Court records uncovered by a German news investigation reveal dozens of bribery prosecutions against Siemens’ medical device distributors in China, despite massive fines imposed on the company for previous corrupt practices on five continents.
Bavarian newspaper Süddeutsche Zeitung (SZ) analyzed dozens of bribery and corruption judgements made against the German industrial giant in China over the decade 2004-2014.
In 2008, the company agreed to pay a total $1.6 billion in fines to U.S. and European authorities to settle charges of bribery in several countries, from Bangladesh to Iraq and Russia.
Most of the Chinese cases SZ has now uncovered related to events alleged to have taken place after the 2008 punishment.
Among the cases was one from May 2012, when a Siemens sales representative was convicted of paying $963,000 (six million yuan) in bribes to the director of a hospital in Qinzhou to win a contract worth $5.8 million (36 million yuan).
The rep – identified only as Jin in the report – and hospital administrator Fengkun Chen were found to have set up a fictitious tender for the supply of x-ray imaging machines, court records showed.
Jin, who won the bid through a dealer, stashed packs of 100-yuan bills in five boxes and loaded them into Chen’s car. He was sentenced to three-years probation while Chen was sentenced to 15 years in prison.
Siemens told SZ that it had first learned about the bribe when a Chinese newspaper reported the case in July 2016 and promptly launched an internal probe. According to the article, Siemens’ vice president in China testified at the time that the company forbids its employees to pay kickbacks to clients.
“[Siemens] stresses that there are no signs that the company supported ‘Mr. Jin’s actions’ or provided money for the bribery,” SZ reported. “Nevertheless, one thing is officially certain: the hospital bought Siemens equipment, and the deal took place through bribery.”

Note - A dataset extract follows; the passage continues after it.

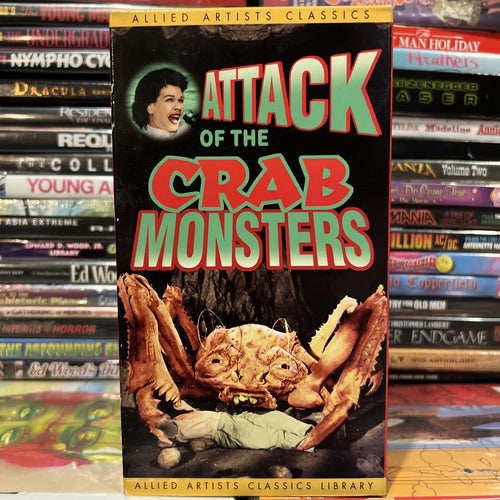 "Attack of the Crab Monsters" vintage movie cover shows giant crabs menacing a scientist, part of an Allied Artists Classics Library collection.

Siemens, a Munich-based engineering firm, reportedly has 670 sales representatives in China, a country rated by Transparency International as the world’s 77th most corrupt.
From 2004 to 2014, SZ found Siemens had been named in “dozens” of graft cases before Chinese courts.
Meng-Lin Liu, a compliance manager who was appointed by Siemens in March 2008, told SZ that he quickly began to notice signs of irregular activities in the company’s books.
“There were hundreds of dealers,” Liu said. “Some of them had only made a single deal with Siemens. Behind these companies [most likely] were the wives or relatives of hospital managers.”
He also noted payments transferred through overseas accounts. One of those payments was made by middlemen in 2009 when a North Korean import-export company bought three CT scanners for a local hospital, costing $1.5 million. Siemens said the transaction was regular.
A year later, a Beijing-based distributor won a contract with several branches of the People’s Liberation Army General Hospital, an important client that usually ordered large quantities of scanners from Siemens and other manufacturers.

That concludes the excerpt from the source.